The following extraordinary signs occurred just as Jesus said:
A meteor resembling a sword hung over Jerusalem during one entire year. This could not be a comet for it was stationary and was visible for twelve successive months. A sword too, a fit emblem of destruction.
“On the eighth of the month, (before the feast of unleavened bread) at the ninth hour of the night, there shone round about the altar, and the adjacent buildings of the Temple, a light equal to the brightness of the day, which continued for the space of half an hour.” This could not be the effect of lightning, nor of a vivid aurora, for it was confined to a particular spot and the light shone unintermittently thirty minutes, as the High Priest were leading a heifer to the altar to be sacrificed, and brought forth a lamb, in the midst of the Temple.
Such is the strange account given by the historian. Some may regard it as a “Grecian fable,” while others may think that they discern in this prodigy a miraculous rebuke of Jewish infidelity and impiety, for rejecting the ANTITYPICAL Lamb, who had offered Himself as an atonement, “once for all,” and who, by thus completely fulfilling their design, had virtually abrogated the Levitical sacrifices. However this may be, the circumstances of the prodigy are remarkable. It did not occur in an obscure part of the city, but in the Temple, not at an ordinary time, but at the Passover, the season of our LORD’S crucifixion, in the presence, not of the vulgar merely, but of the High Priests and of their attendants, and when they were leading the sacrifice to the altar.

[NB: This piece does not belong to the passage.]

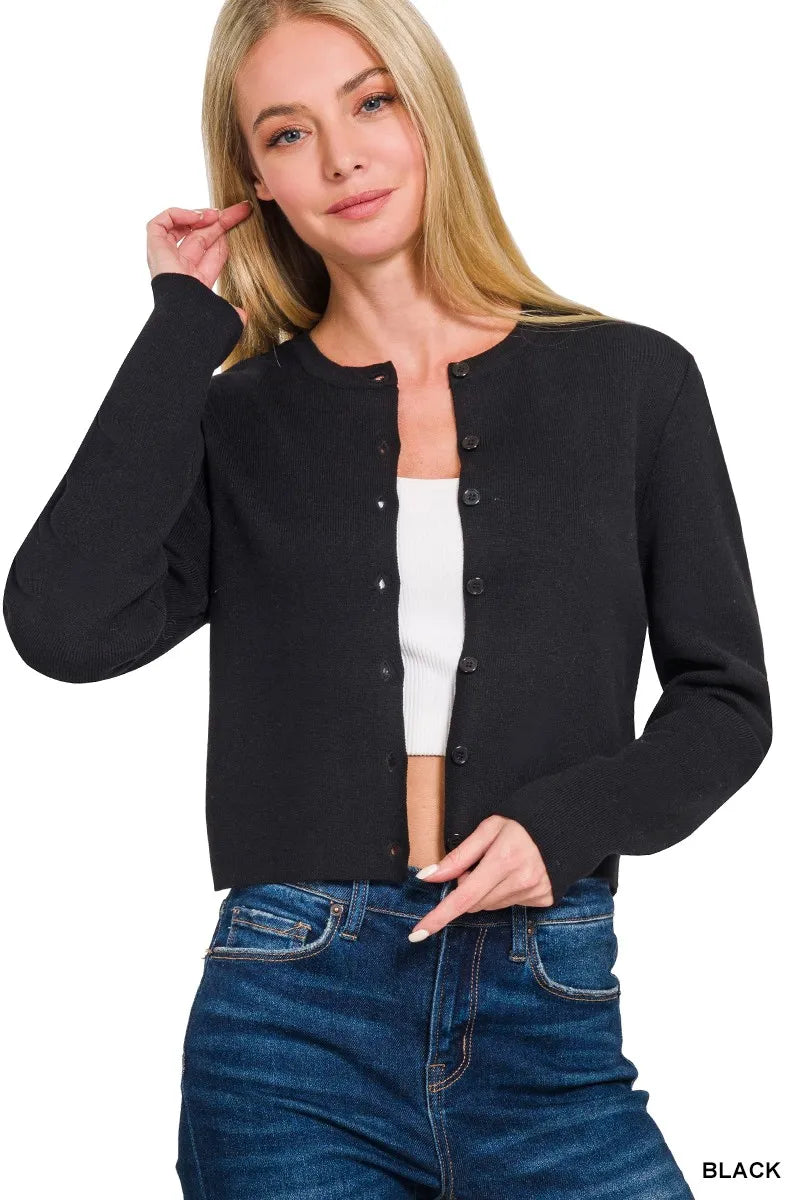 Button-Front Crewneck Long Sleeve Cropped Cardigan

About the sixth hour of the night, the eastern gate of the Temple was seen to open without human assistance. When the guards informed the curator of this event, he sent men to assist them in shutting it, who with great difficulty succeeded. This gate, as hath been observed already, was of solid brass, and required twenty men to close it every evening. It could not have been opened by a “strange gust of wind,” or a “slight earthquake;” for Josephus says, it was secured by “iron bolts and bars, which were let down into a large threshold; consisting of one entire stone.”
Soon after the feast of the Passover, in various parts of the country, before the setting of the sun, chariots and armed men were seen in the air, passing round about Jerusalem. Neither could this portentous spectacle be occasioned by the aurora, for it occurred before the setting of the sun, or merely the fancy of a few villagers, gazing at the heavens, for it was seen in various parts of the country.

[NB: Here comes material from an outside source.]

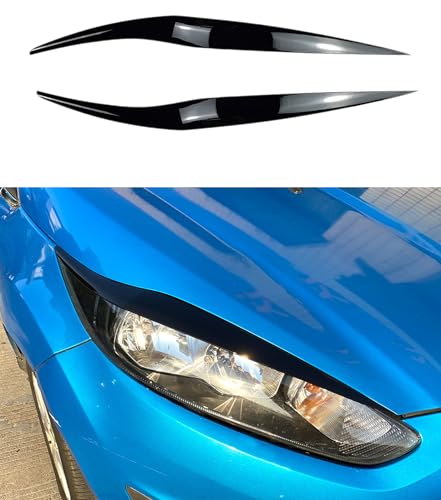HDirect 2PCS Auto Headlight Eyebrow Cover Trim,Car Headlight Eyebrow Decoration,Eyelids Cover Trim,Compatible With Fiesta MK6.5 2013-2017,Glossy Black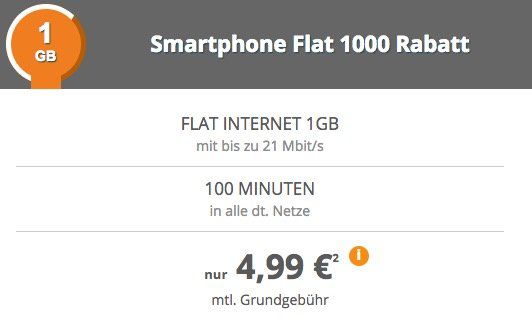 Telekom Tarif mit 100 Minuten + 1GB für 4,99€ mtl.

Beyond that, at the subsequent feast of Pentecost, while the priests were going by night, into the inner Temple to perform their customary ministrations, they first felt, as they said, a shaking, accompanied by an indistinct murmuring, and afterwards voices as of a multitude, saying, in a distinct and earnest manner, “LET US DEPART HENCE.” This gradation will remind the reader of that awful transaction, which the feast of Pentecost was principally instituted to commemorate. First, a shaking was heard, this would naturally induce the priests to listen: an unintelligible murmuring succeeds; this would more powerfully arrest their attention, and while it was thus awakened arid fixed, they heard, says Josephus, the voices of a multitude, distinctly pronouncing the words “LET US DEPART HENCE.” And accordingly, before this period for celebrating this feast returned, the Jewish war had commenced, and in the space of three years afterwards, Jerusalem was surrounded by the Roman army, the Temple converted into a citadel, and its sacred courts streaming with the blood of human victims.
And the last and most fearful omen, Josephus relates that one Jesus, the son of Ananus, a rustic of the lower class, during the Feast of Tabernacles, suddenly exclaimed in the Temple, “A voice from the east, a voice from the west, a voice from the four winds, a voice against Jerusalem and the Temple — a voice against bridegrooms and brides — a voice against the whole people!” These words he incessantly proclaimed aloud both day and night, through all the streets of Jerusalem, for seven years and five months together, commencing in A.D. 62, when the city was in a state of peace, and overflowing with prosperity, and terminating amidst the horrors of the siege. This disturber, having excited the attention of the magistracy, was brought before Albinus the Roman governor, who commanded that he should be scourged. But the severest stripes drew from him neither tears nor supplications. As he never thanked those who relieved, so neither did he complain of the injustice of those who struck him. And no other answer could the governor obtain to his interrogatories, but his usual denunciation of “Woe, woe to Jerusalem!” which he still continued to proclaim through the city, but especially during the festivals, when his manner became more earnest, and the tone of his voice louder. At length, on the commencement of the siege, he ascended the walls, and, in a more powerful voice than ever, exclaimed, “Woe, woe to this city, this Temple, and this people!” And then, with a presentment of his own death, added,” Woe, woe to myself.” He had scarcely uttered these words when a stone from one of the Roman engines killed him on the spot. The great signs just as Jesus predicted.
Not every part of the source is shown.